The Brutal Reality of Tech Job Mobility in the Age of AI
I remember sitting in a meeting last year, watching a senior developer stare blankly at his monitor after hearing that a rival firm had poached his team lead. It wasn’t just about the money; it was the realization that in this current market, institutional loyalty is practically dead. When we talk about tech job mobility, specifically in fields like AI or semiconductor research, people usually paint a picture of strategic leaps and massive salary bumps. But after actually going through this—or at least watching colleagues navigate it—the reality is much grittier.
The Illusion of the ‘Perfect’ Leap
Many professionals think the key to a better career is just polishing their CV and targeting the next big AI startup. This is where many people get it wrong. Take the recent shift in the AI research landscape, like the high-profile moves of key talent into places like Anthropic. While the news makes it sound like a chess game, for the average mid-level engineer, jumping ship is a gamble. I once saw a peer leave a stable position for a 30% raise at a mid-sized tech firm, only to find the internal culture was chaotic and the ‘cutting-edge’ project they were promised was mostly legacy code cleanup. The expected growth didn’t happen; instead, they lost their seniority and had to spend six months proving their value all over again.
Why Jumping Isn’t Always the Answer
There is a real trade-off between staying in a stable, established firm and chasing the ‘next big thing.’ At a place like Samsung or a similar large player, you have resources, but you also deal with slow, bureaucratic friction. If you jump to a smaller, more agile firm, you might get more responsibility, but you risk being the first to go when funding dries up. I’ve observed that in real situations, the salary increase often doesn’t offset the loss of stock options or the stability that comes with long-term tenure. If you are aiming for a jump, you need to calculate the ‘total package’—not just the base salary. Does the new company have the data infrastructure, or are they just burning cash on hype? If you can’t answer that, you’re just flipping a coin.
The Common Mistakes and Failures
One common mistake is chasing titles. I know someone who accepted a ‘Head of AI’ title at a company with no data science team and no compute budget. It sounds like a great career advancement until you realize you have no one to lead and nothing to build. It ends in a failure case where the resume looks inflated, but the actual technical output is zero. Honestly, I’m still not sure if it’s better to be a ‘Director’ at a failing startup or a ‘Senior Specialist’ at a top-tier firm. There is a lingering hesitation in my own advice here because the industry shifts so fast that what is true today might be obsolete in 18 months.

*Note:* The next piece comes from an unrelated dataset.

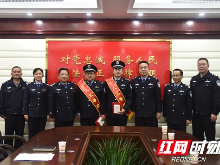 【警视窗】张家界市公安局到武陵源分局送奖到岗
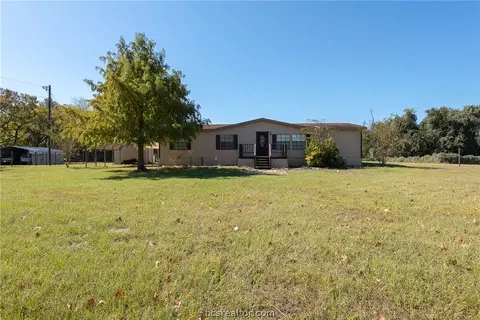 8136 Longview Dr, Bryan, TX 77808 photo 27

Financial and Strategic Considerations
If you are planning to change jobs, budget at least 3 to 6 months of runway if you happen to land in a bad spot. Don’t look at it as a 1:1 replacement of your current role. Look at the company’s tech stack, their reliance on open-source vs. proprietary data, and their actual revenue streams. If they don’t have a clear product-market fit, don’t be fooled by their ‘AI-first’ slogans. Sometimes, the most professional move is actually to stay put and leverage your existing reputation to push for internal changes, though I realize that isn’t always possible in rigid corporate cultures.

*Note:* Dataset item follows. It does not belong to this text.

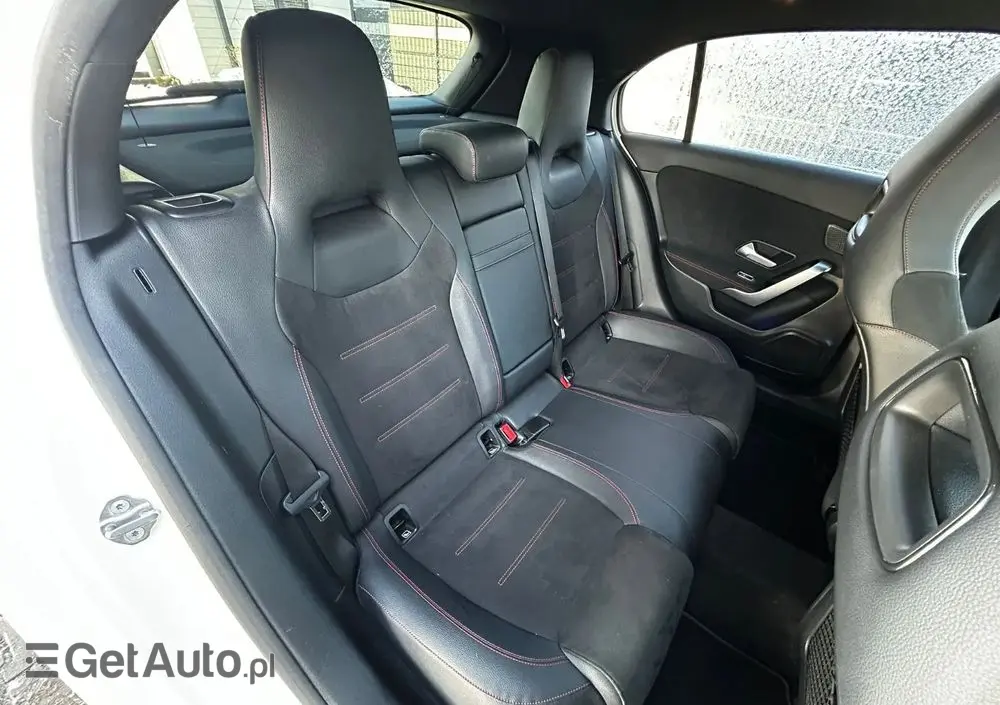 MERCEDES-BENZ Klasa A 200 4-Matic AMG Line 8G-DCT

Who Should Take This Advice?
This perspective is useful for mid-career tech professionals who feel the itch to jump but are wary of the instability surrounding the current tech bubble. If you are a junior developer, you should probably focus on skill acquisition rather than chasing salary jumps; this advice might not apply to you yet because your ‘brand’ isn’t fully formed. If you are in a leadership position, your priority should be the company’s long-term sustainability rather than just the immediate headline-grabbing tech stack. Your next step shouldn’t be applying to five companies today. Instead, find a peer in a company you admire and ask them, off the record, what their actual daily workload looks like. Do that before you update your LinkedIn. The biggest limitation to this advice is that individual industry sectors—like biotech versus consumer software—move at such different paces that there is no single ‘correct’ path, only the one that risks the least of what you value most.

That’s a really sharp point about the ‘Head of AI’ role – it highlights how quickly things can change within companies and what seems appealing on paper doesn’t always align with reality.

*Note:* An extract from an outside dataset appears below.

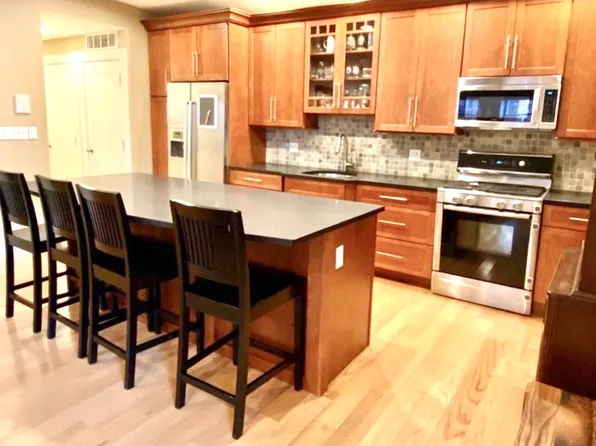 518 E 6th St Unit 2, South Boston, MA 02127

That’s a really insightful observation about the disconnect between title aspirations and actual responsibility – it highlights how much focus is on *sounding* impressive rather than building something meaningful.
That observation about the ‘Head of AI’ title is really insightful. It highlights how quickly things can shift and how important it is to deeply understand a company’s actual capabilities, not just its buzzwords.